# SOLVED: Anyone out there who has actually played the NI S88 MKII and the StudioLogic SL88?



## PaulieDC (Feb 27, 2020)

I'm looking for feedback from anyone who has played the Native Instrument S88 MKII and the StudioLogic SL88. I'm back and forth on those two after a boatload of research. I have two things I'd like to know regarding the two different types of Fatar keybeds, since getting both of these side by side in a store to actually PLAY them is near impossible:

Which keyboard works better for also playing in string and brass and WW parts? I'm going to be fine with the piano action on either, I'm not a classically trained pianist, but I'm the guy you want if you're starting a Billy Joel or Elton John cover band, lol. So reasonable piano action is fine, I'm hoping to hear that one or the other works well for playing other instruments (percussion isn't a factor)
For playing particularly soft parts, either String instrument or piano, does either excel in range on the quiet end? The StudioLogic boasts a 3-point contact and the keyboard guru at Sweetwater really likes how you can go from near silent to loud. Let's say the NI is better at #1 above, how much worse is it compared to the SL88 for this feature?
I don't care about any other features like drum pads or joysticks vs wheels or LCD screens etc etc, and size and weight are irrelevant, really I'm after someone's take on feel for all instruments and range sensitivity.

Thanks!


----------



## brojd (Feb 28, 2020)

I swapped out my main 88 key controller somewhat recently and tried several options (the two you are interested in included)

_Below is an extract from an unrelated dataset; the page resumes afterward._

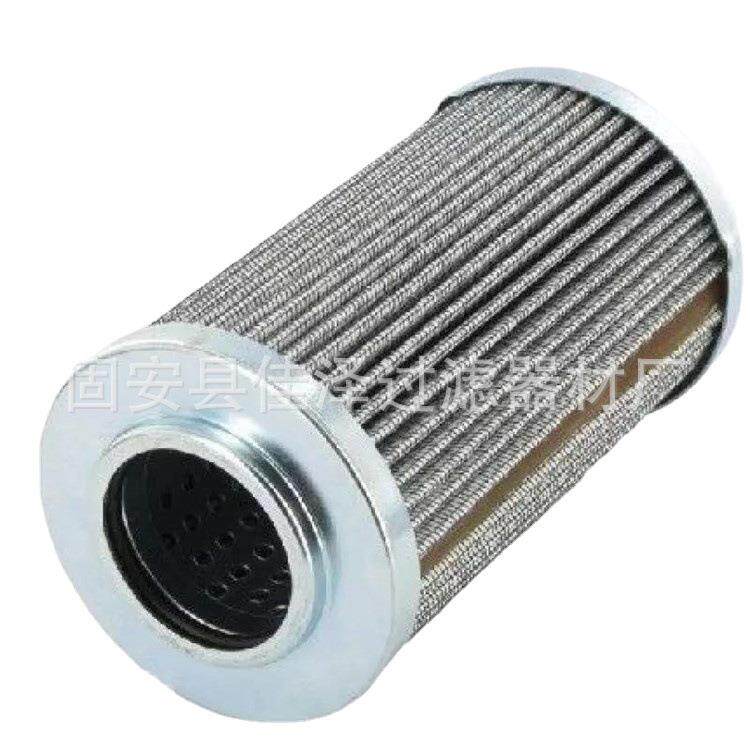 热电厂液压油滤芯 R928040800 吸油过滤器1.2500H10XL-A00-0-M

If you are considering the SL88 Studio I’d say it’s a matter of personal preference (I would have chosen the Native Instruments S88 in that case)
The key action is good on both, but the other features on the Native would have been more useful for me.

But, if you are considering the SL88 Grand I’d pick that one (I got one for myself)
The action is excellent, and a noticable step better on controlling fast repeating notes and getting the ”right feel” with velocity no matter if it was a piano, string or a synth patch I was playing.

I also really liked the Kawai stage pianos/controllers (VPC and MP series) Roland RD-2000 and the Nord Grand quite a bit, but they’re all stage pianos except for the VPC)

I’m very happy with my SL88 Grand anyway.


----------



## BassClef (Feb 28, 2020)

...never tried the S88... not a pianist (actually a French Horn player) but still wanted to step up to 88 WEIGHTED keys from my Nektar Panorama P6. I wanted 1) closer to a piano "feel" 2) to avoid constantly transposing the 61 up or down an octave 3) to help me improve my piano playing 4) better "touch" for getting consistent dynamics as in soft to loud, which is harder on a semi-weighted key bed. I tried the SL88Studio (I believe the same keybed as the NI S88) but felt it required to much pressure compared to my actual grand piano. I returned it to Sweetwater and got the SL88Grand. It's still a little firmer than my actual grand piano but I like it better than the Studio. I can't play anything fast, so when necessary I just slow down my DAW and record that way. I added the StudioLogic Mixface. So for $100 more than S88 ($900 + $250) I got a better keybed and mixer.


----------



## PaulieDC (Feb 28, 2020)

brojd said:


> But, if you are considering the SL88 Grand I’d pick that one (I got one for myself)
> The action is excellent, and a noticable step better on controlling fast repeating notes and getting the ”right feel” with velocity no matter if it was a piano, string or a synth patch I was playing.





BassClef said:


> I tried the SL88Studio (I believe the same keybed as the NI S88) but felt it required to much pressure compared to my actual grand piano. I returned it to Sweetwater and got the SL88Grand. It's still a little firmer than my actual grand piano but I like it better than the Studio.



Ba Da BING, that's what I was looking for, thanks! I was already stuck on the SL88, I really was trying to sift out the NI S88, making sure it wasn't SO superior with the different Fatar keybed for playing in other instruments that it should been considered, if that makes sense. Definitely don't need the lighted keys or LED library control screen or a bazillion knobs or any wheels, just a slim 88 controller with a great keybed. Italian design doesn't hurt either, lol. Now I'm 100% sure. Whenever the budget allows.

Thanks Brojd! And BassClef, you did it again... helped me make up my mind so I could spend more money. What distributor do you work for??


----------



## brojd (Feb 28, 2020)

PaulieDC said:


> Thanks Brojd! And BassClef, you did it again... helped me make up my mind so I could spend more money. What distributor do you work for??



Used to deal for Pablo Escobar, these days I’m a freelancer 😈


----------



## BassClef (Feb 28, 2020)

I too freelance, so just send me my $75 commission!


----------



## Fleer (Feb 28, 2020)

I finally decided to order the new Roland RD-88 stage piano. It’s got the tried and tested PHA-4 action (as in the FP-60/30/10) with dedicated CC controller wheels and even over 3000 sounds of the latest Zen-Core variety plus speakers and Apple Mainstage compatibility, at $1000 street.


----------



## PaulieDC (Feb 9, 2021)

A year later and after owning it for 4 months, 100% happy with the SL88 Grand. It IS like a new baseball mitt, you have to work it in and especially spend time creating the velocity curve that works for you. Since I have no clue what the actual best procedure is I'm still happily pursuing that dream.


----------